**PROMPT:** Go to the line that contains "熱議不停！軟件界獨(dú" in the listing below, then output it and every line after it exactly, omitting pictures.

**DATASET SECTION:**
[Start of Attachment]

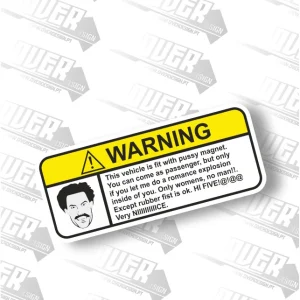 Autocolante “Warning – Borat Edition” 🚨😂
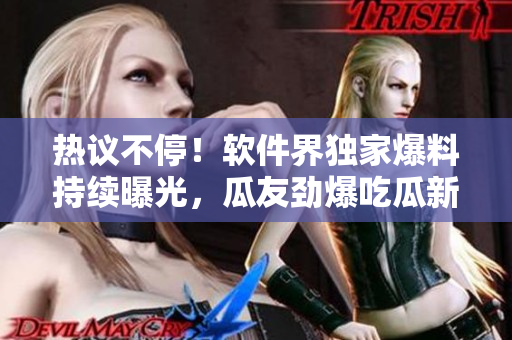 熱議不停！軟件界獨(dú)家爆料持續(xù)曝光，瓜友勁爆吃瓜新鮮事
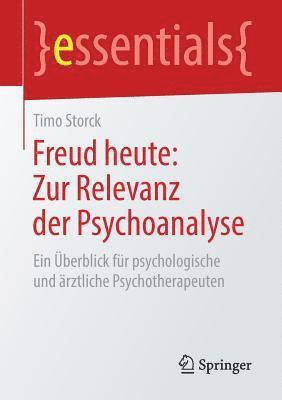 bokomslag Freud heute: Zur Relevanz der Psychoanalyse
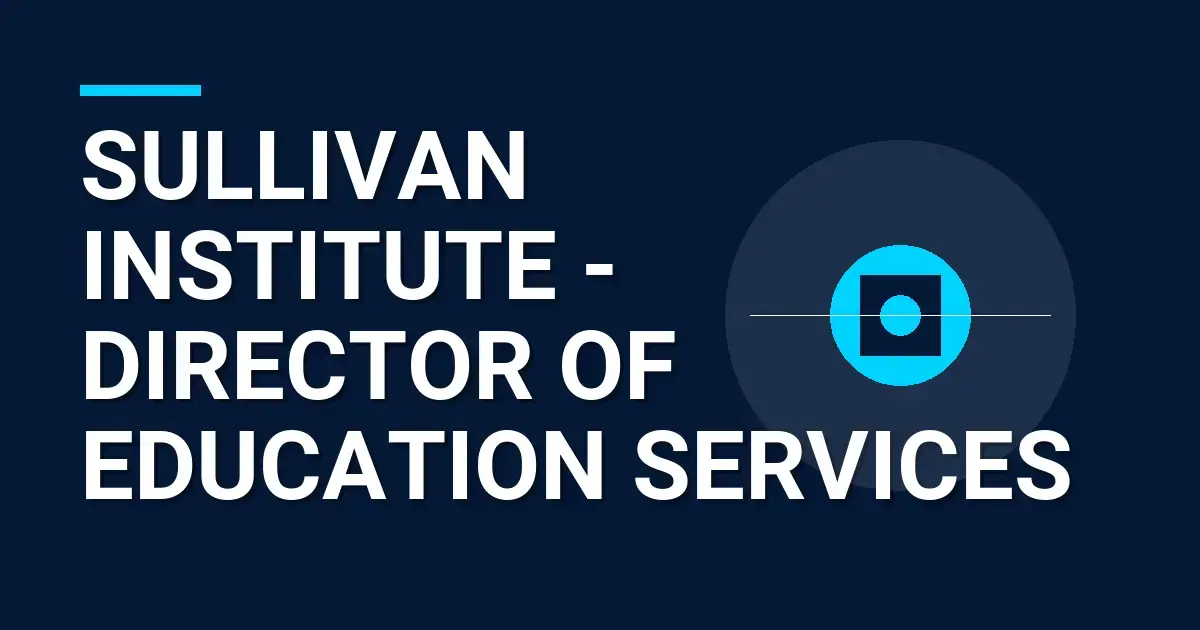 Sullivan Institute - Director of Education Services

[End of Attachment]

**RESPONSE BELOW:**
 熱議不停！軟件界獨(dú)家爆料持續(xù)曝光，瓜友勁爆吃瓜新鮮事
 bokomslag Freud heute: Zur Relevanz der Psychoanalyse
 Sullivan Institute - Director of Education Services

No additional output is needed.